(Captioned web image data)
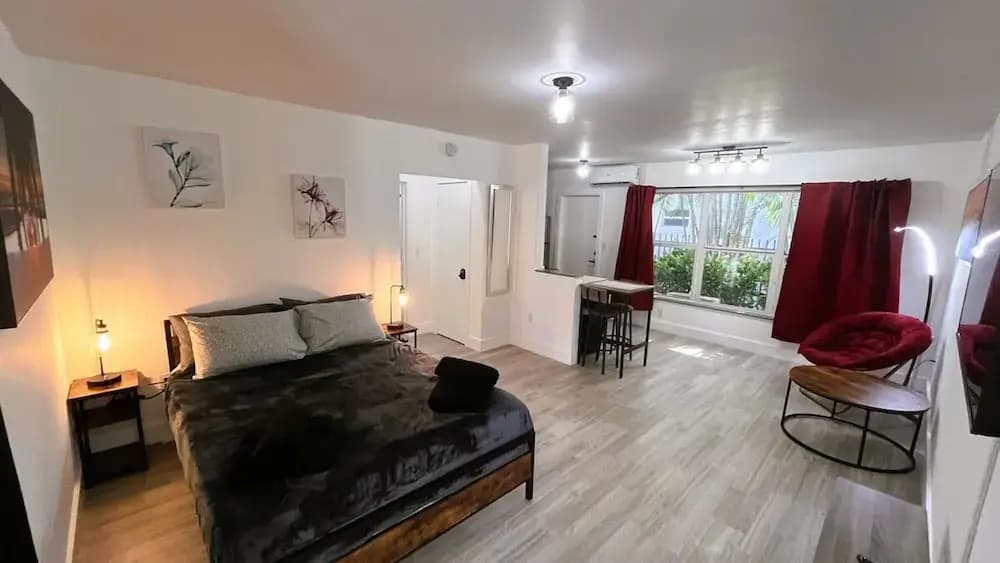 Upper East Side Renovated Studio Free Parking - photo 5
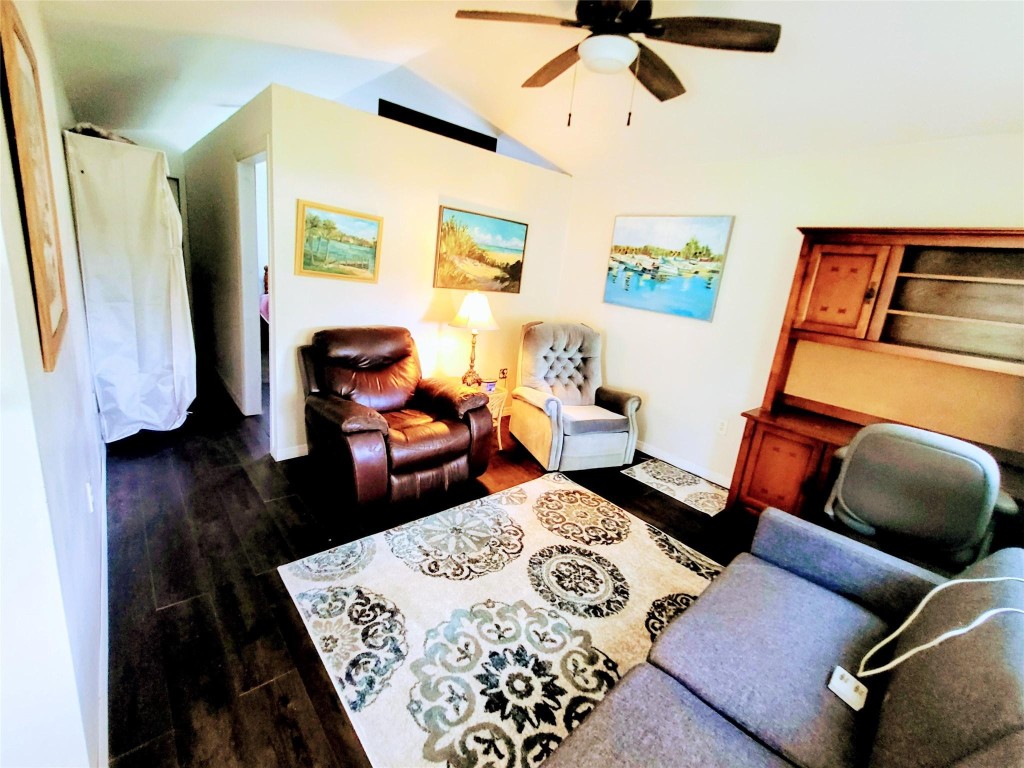 1048 Arvin Lane Property Photo 16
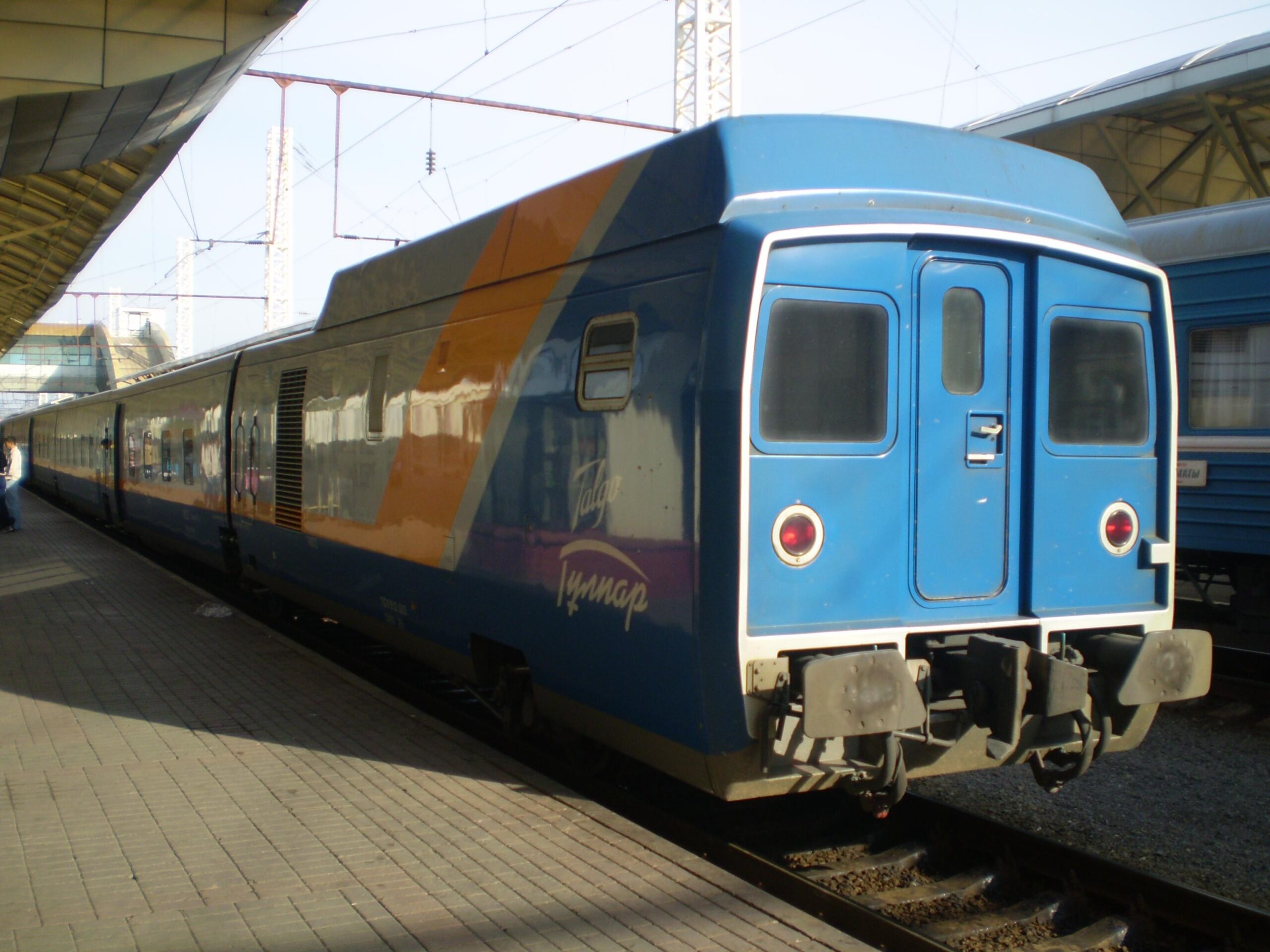 Trenes de Kazajistán.
Tulpar- Talgo
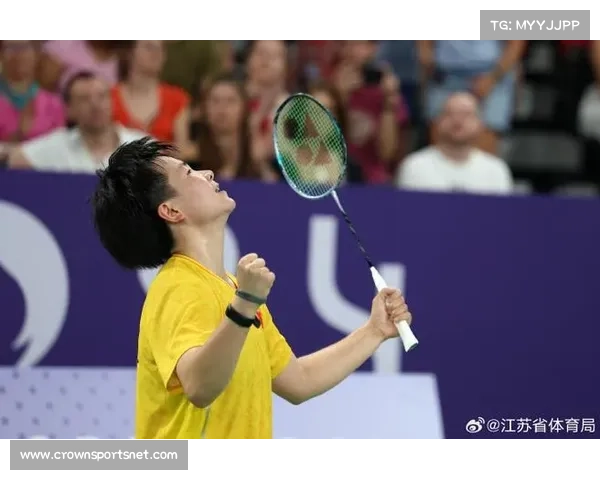 何冰娇奥运领奖台致敬对手展现中国体育风范与大国风度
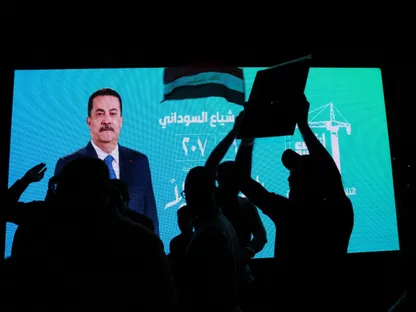 أنصار تحالف إعادة الإعمار والتنمية يحتفلون بعد إعلان النتائج الأولية للانتخابات في بغداد بالعراق. 12 نوفمبر 2025 - REUTERS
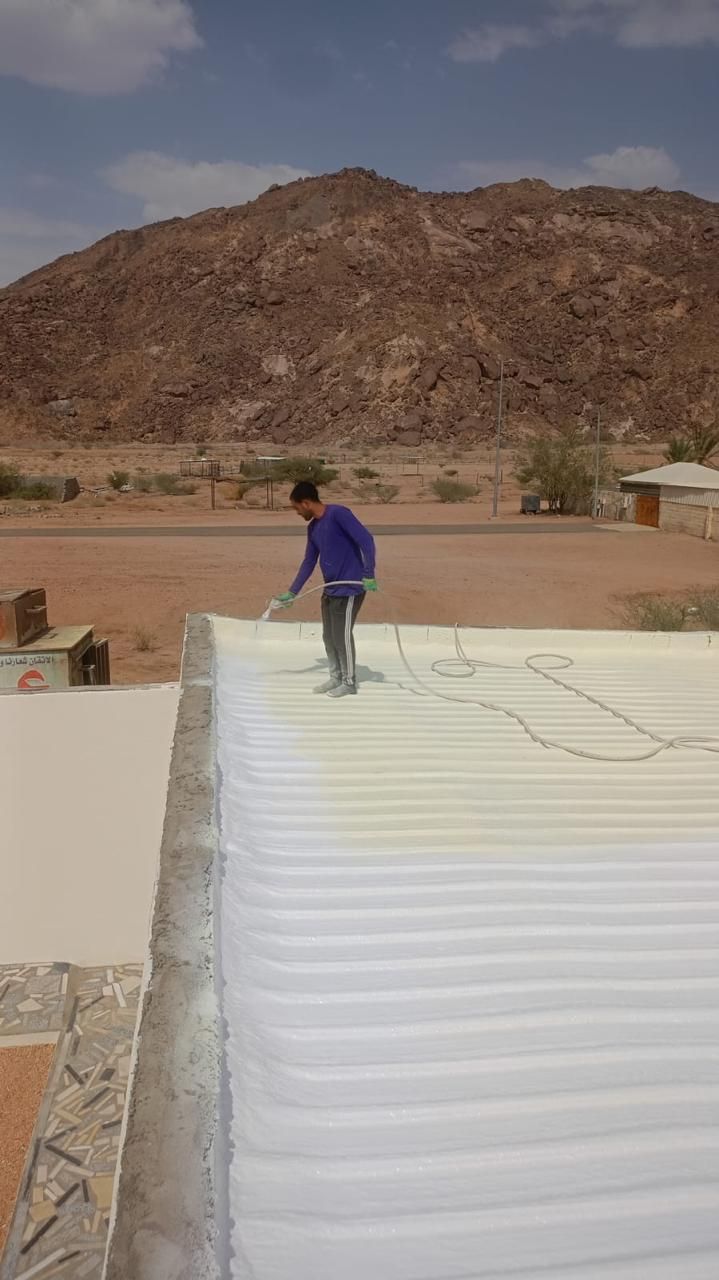 عزل المظلات والأسطح المعدنية بالفوم | أفضل مقاول بولي يوريثان حراري و مائي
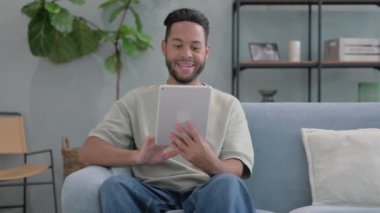 Tablette Evdeki Koltukta Otururken Hispanik Tezahürat Yapan Adam Kazandı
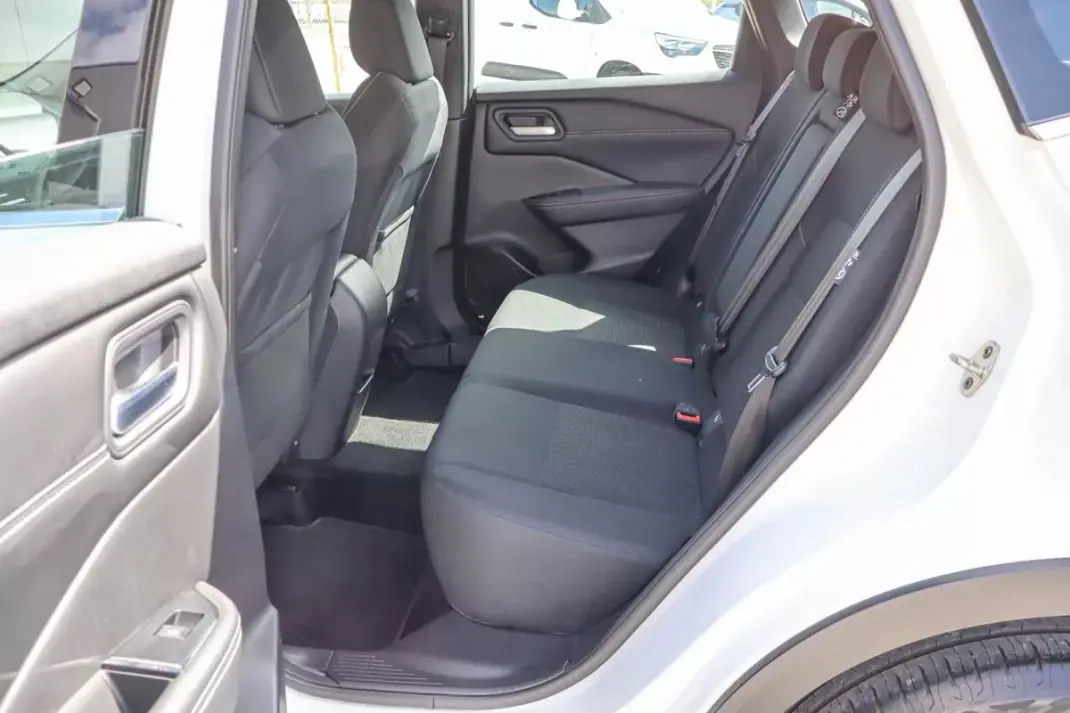 Nissan Qashqai 2023 - 20990 EUR, 56190 km - 56190km - foto 14 de 31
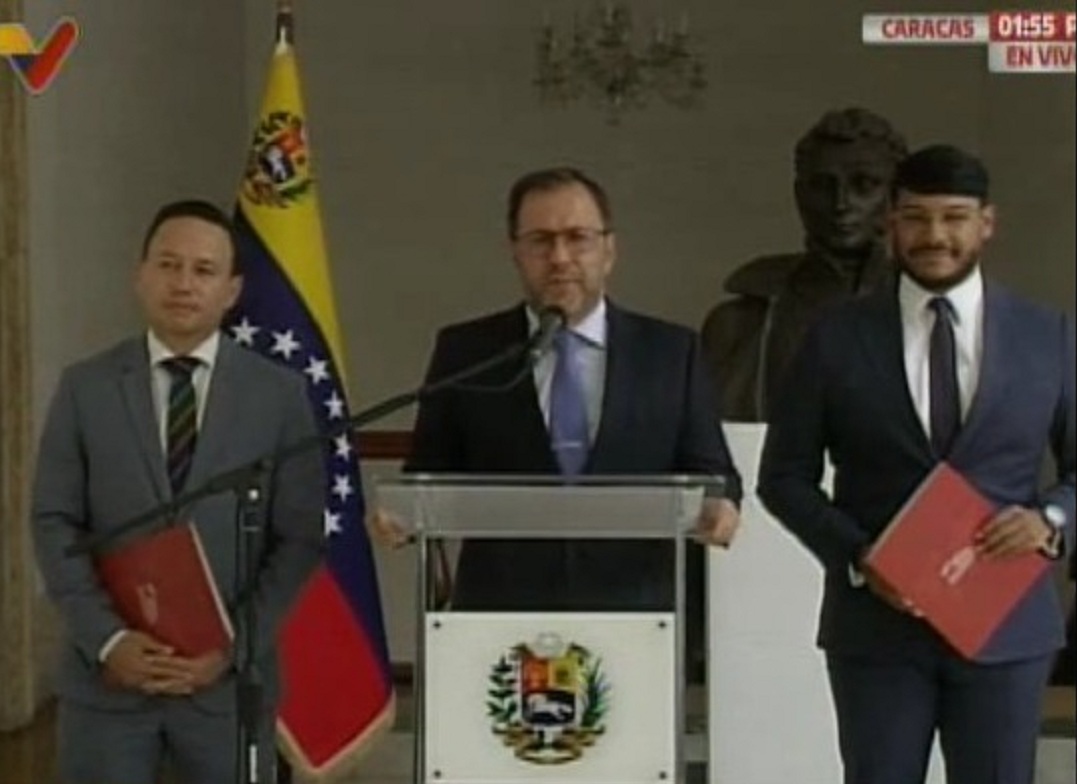 Canciller Yván Gil denuncia "abordaje hostil" de EE.UU. a un barco pesquero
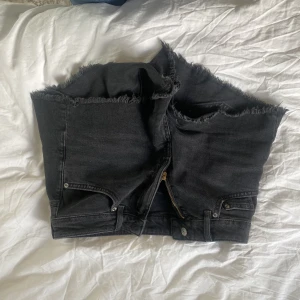 jeansshorts - low waist jeansshorts som inte kommer till användning🌸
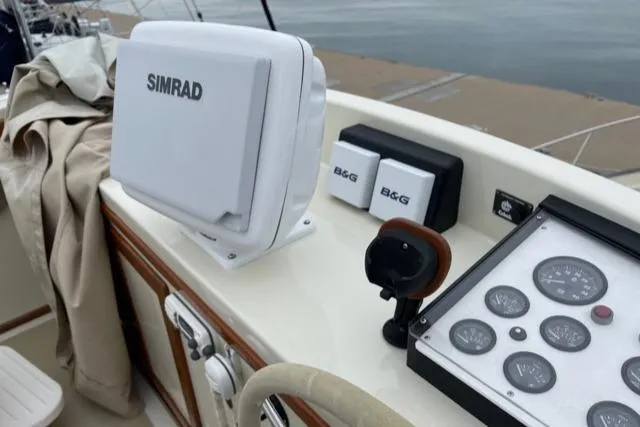 Slide: The Image of Custom Holland Wesmac-Foley Flybridge Cruiser 1988 - 76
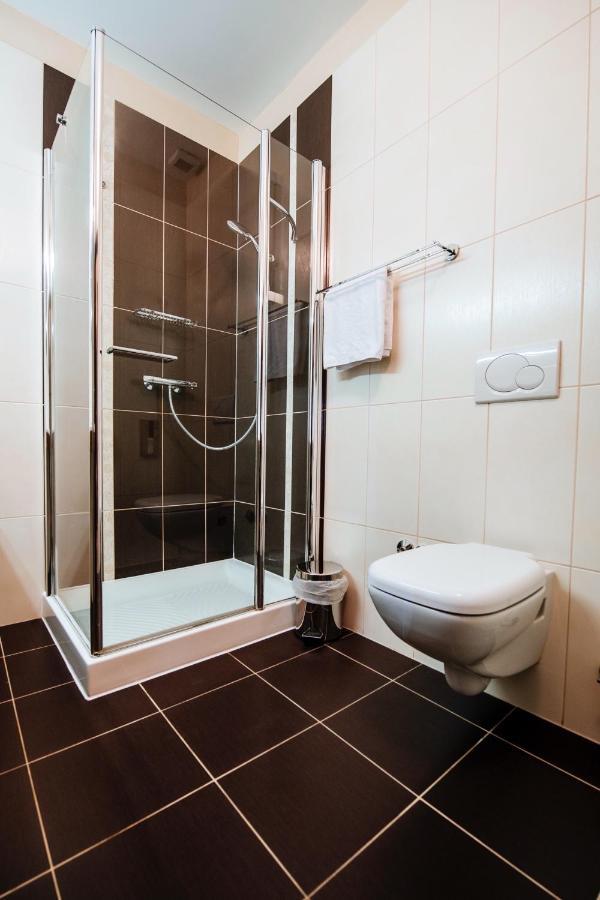Hotel Terra Novalja Kültér fotó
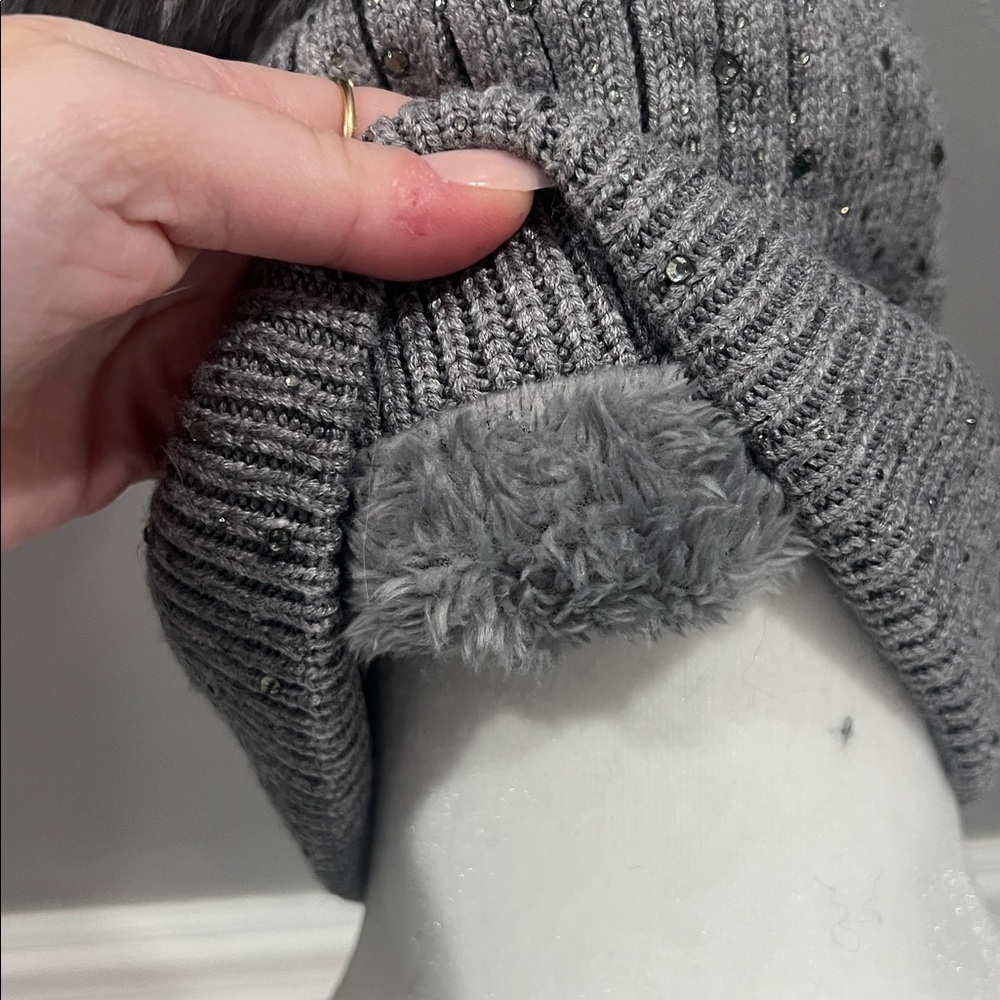 224. Gray Pom-Pom Knit Beanie - Picture 4 of 5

▸ TRY IT: All of the entries above should be duplicated exactly, except for the pictures.

▸ RESULT:
 Upper East Side Renovated Studio Free Parking - photo 5
 1048 Arvin Lane Property Photo 16
 Trenes de Kazajistán.
Tulpar- Talgo
 何冰娇奥运领奖台致敬对手展现中国体育风范与大国风度
 أنصار تحالف إعادة الإعمار والتنمية يحتفلون بعد إعلان النتائج الأولية للانتخابات في بغداد بالعراق. 12 نوفمبر 2025 - REUTERS
 عزل المظلات والأسطح المعدنية بالفوم | أفضل مقاول بولي يوريثان حراري و مائي
 Tablette Evdeki Koltukta Otururken Hispanik Tezahürat Yapan Adam Kazandı
 Nissan Qashqai 2023 - 20990 EUR, 56190 km - 56190km - foto 14 de 31
 Canciller Yván Gil denuncia "abordaje hostil" de EE.UU. a un barco pesquero
 jeansshorts - low waist jeansshorts som inte kommer till användning🌸
 Slide: The Image of Custom Holland Wesmac-Foley Flybridge Cruiser 1988 - 76
Hotel Terra Novalja Kültér fotó
 224. Gray Pom-Pom Knit Beanie - Picture 4 of 5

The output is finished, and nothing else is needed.